# Parametric equations

1. Dec 1, 2011

### wuffle

Hello forum! I have yet another question concerning calculus and the topic we're doing right now is extremely confusing for me.

1. The problem statement, all variables and given/known data

Eliminate the parameter from the parametric equations x=3t/(1+t3), y=3t2/(1+t3), and hence find an Cartesian equation in x and y for this
curve.
2. Relevant equations

3. The attempt at a solution

ummm, i have no idea how to approach this question, i assume with parametric equation you need to express t in terms of y and plug in it another equation where x is defined.... however, these two equations are pretty complicated and you cant really express t in terms of y and plug it in another equation, what do you do?

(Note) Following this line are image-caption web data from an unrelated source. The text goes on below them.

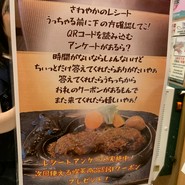 さわやか 静岡池田店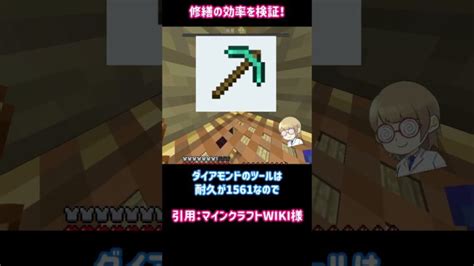 エンチャント瓶でどれだけ修繕できるのだろうか？【統合版マイクラ】 Shorts Minecraft Summary マイクラ動画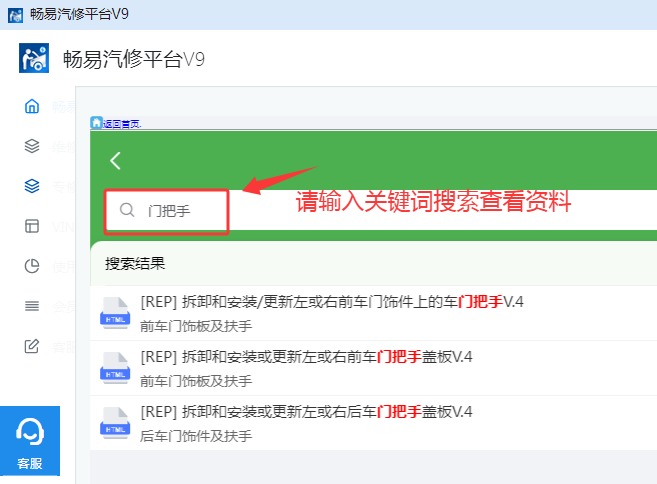 2022年宝马X4 门把手拆装资料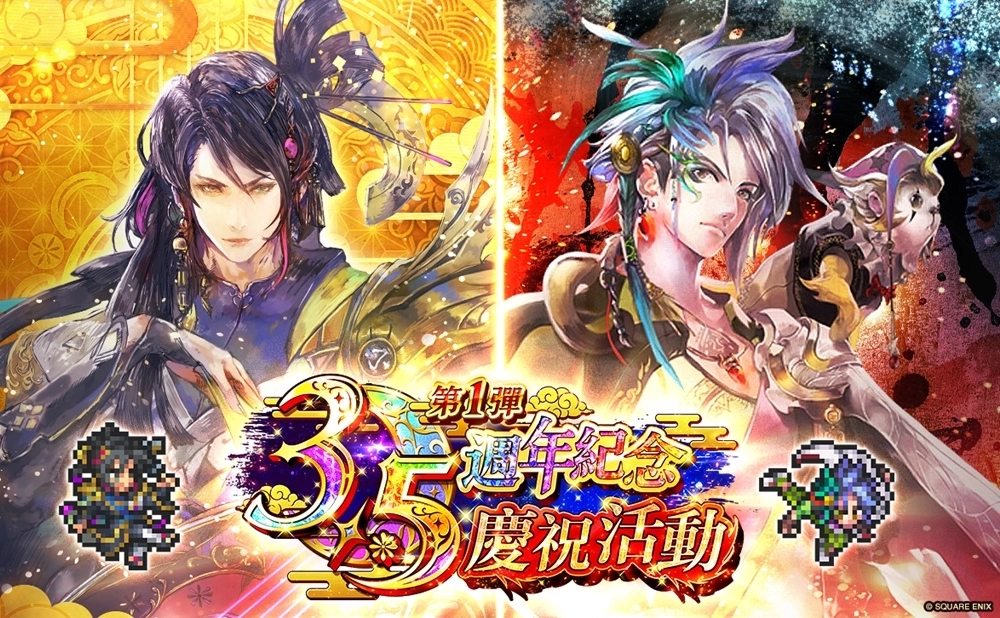 《复活邪神 SaGa RS 》庆祝国际版 3.5 周年！ 史上最大级版本更新释出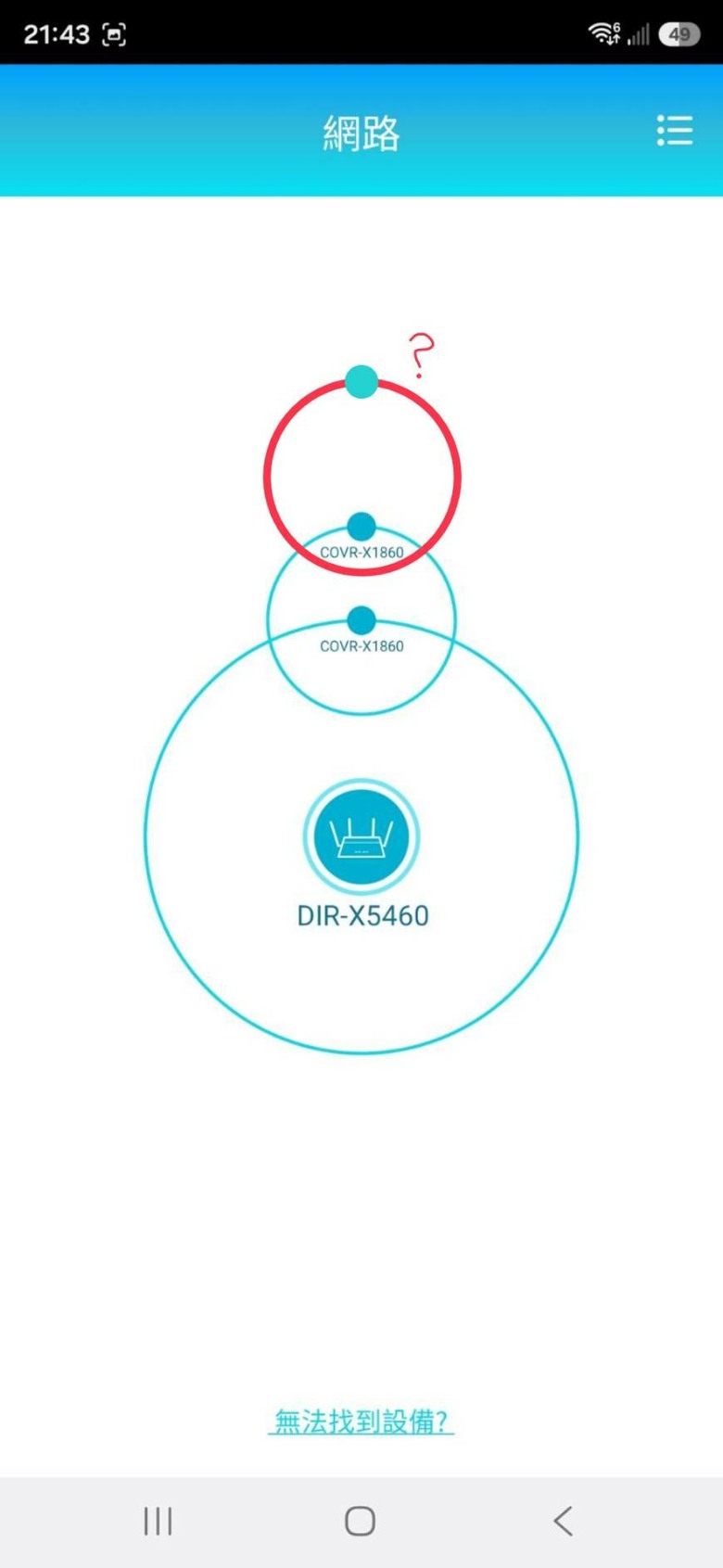 請問D-Link mesh這樣連接算成功嗎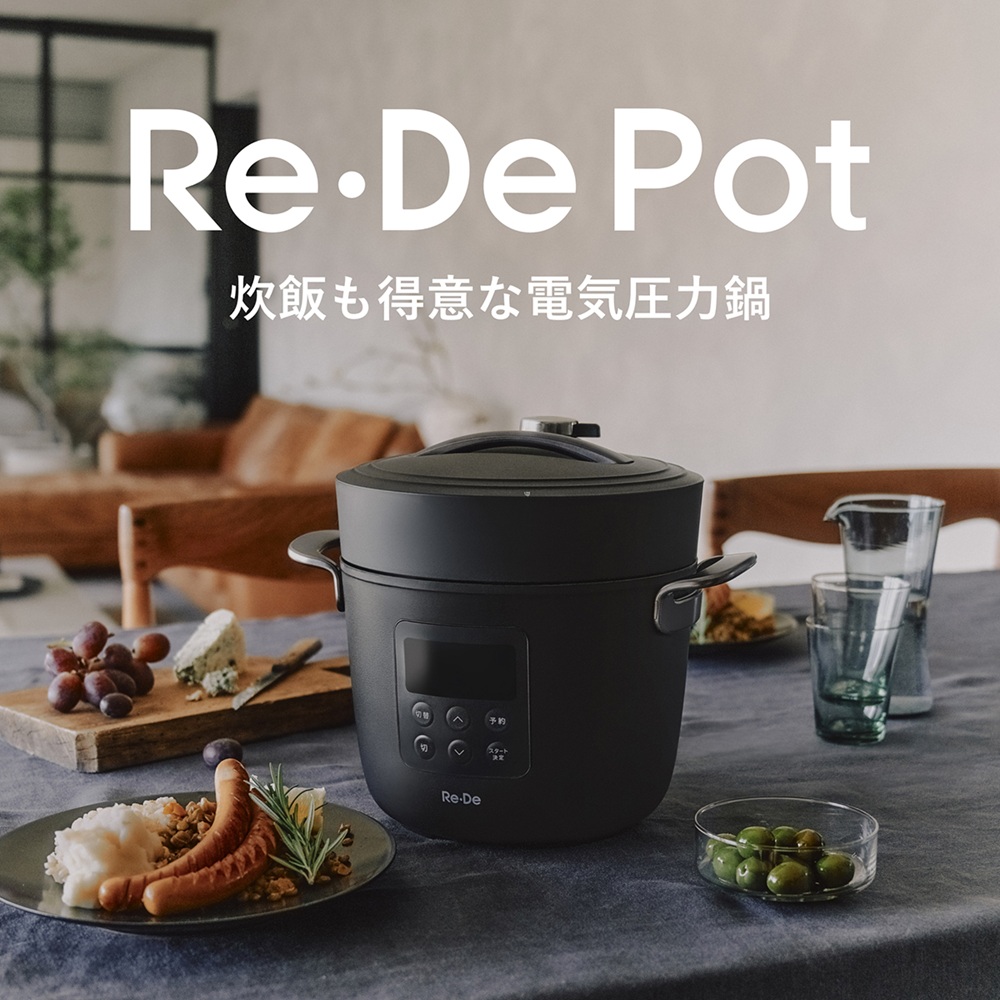 Re・De Pot 電気圧力鍋2L ブラック | TAKASHIMAYA グルメ＆コンフォート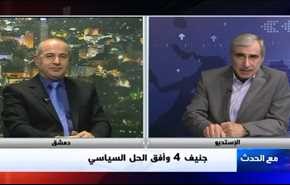 جنيف 4 وأفق الحل السياسي - الجزء الثاني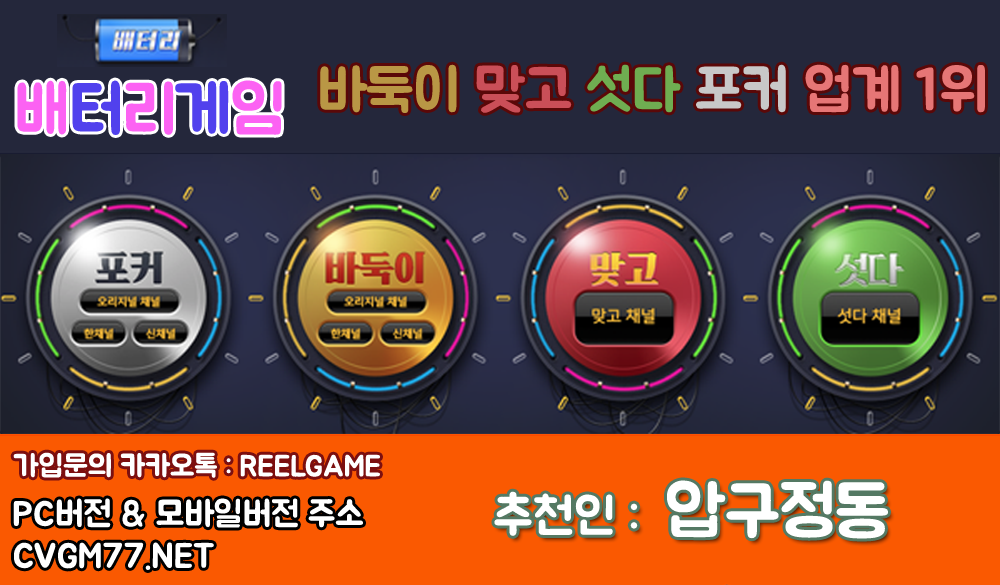 배터리게임 바둑이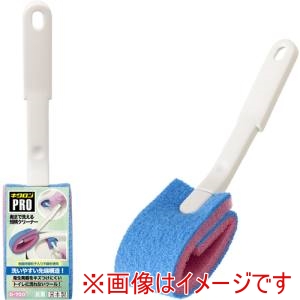 キクロン キクロン D-700 プロD-700 奥まで洗える短柄クリーナー 40本 メーカー直送 代引不可 北海道沖縄離島不可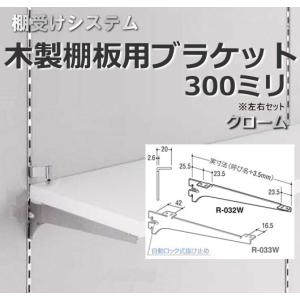 棚受け金具 木製棚用ブラケット300ミリ｜web-takigawa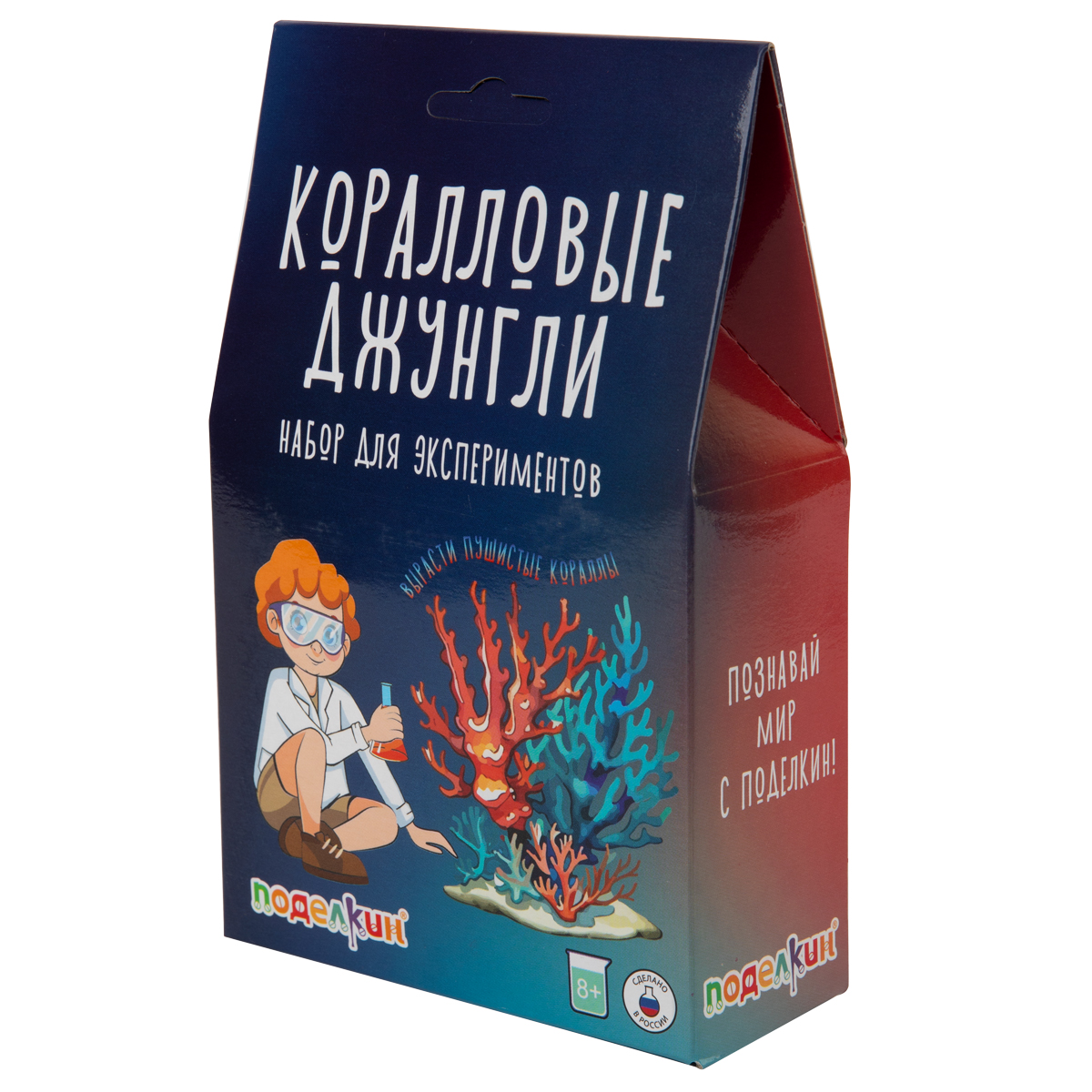 Поделкин Набор для экспериментов Коралловые джунгли К605 Фото 2.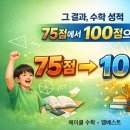 신동-75 이미지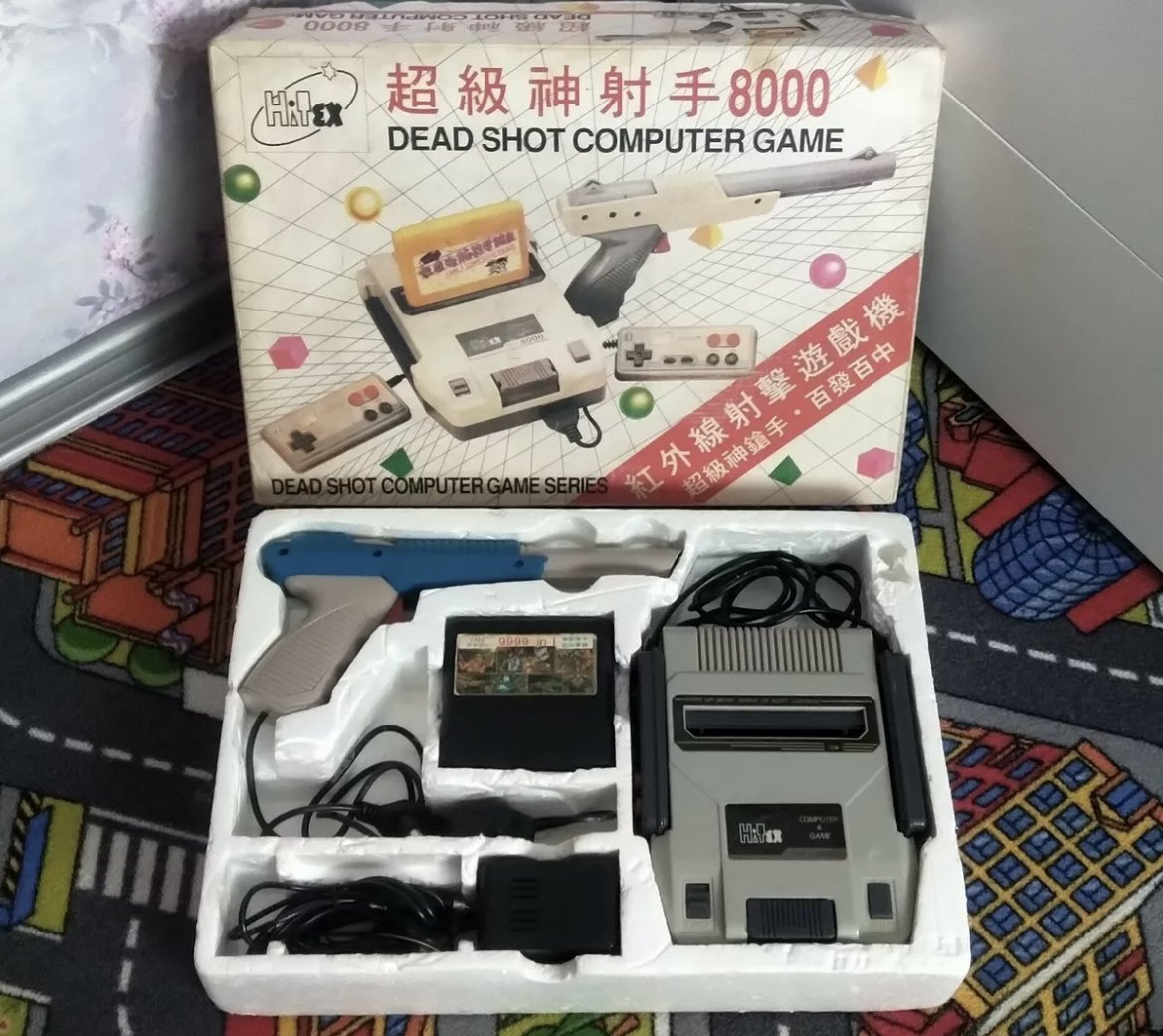 Bootleg Consoles on Twitter:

I notice the x and y equations are very similar except that y=t^2 in numerator and im certain you should use that somehow....but I have no idea how

Last edited: Dec 1, 2011
2. Dec 1, 2011

### dextercioby

So it's y(x) = x t(x), but t(x) can't be expressed in a simple manner, since it should come from a cubic.

3. Dec 1, 2011

### wuffle

I guess...

turns out my x=y^2 was wrong, now im completely lost.

actually yeah, i just fond out y(x)=x * t(x), i just plugged in some numbers and it turned out y/x=t, what do i do with that?

Last edited: Dec 1, 2011
4. Dec 2, 2011

### wuffle

Still can't get it.

I guess writing it as y(x)=xt(x) works but shouldnt we get rid of t in our equation?

5. Dec 2, 2011

### dextercioby

You should get rid of t, of course, but it ain't easy. To get somewhere, you should first have x and y defined as functions of t on a certain interval, i.e. look for the inverse function t =t(x) only when this exists, i.e. on the set of x's on which the mapping is single valued and well-bahaved.

But then even this can't guarantee you that t=t(x) can be found without solving the cubic with Cardano's formulae.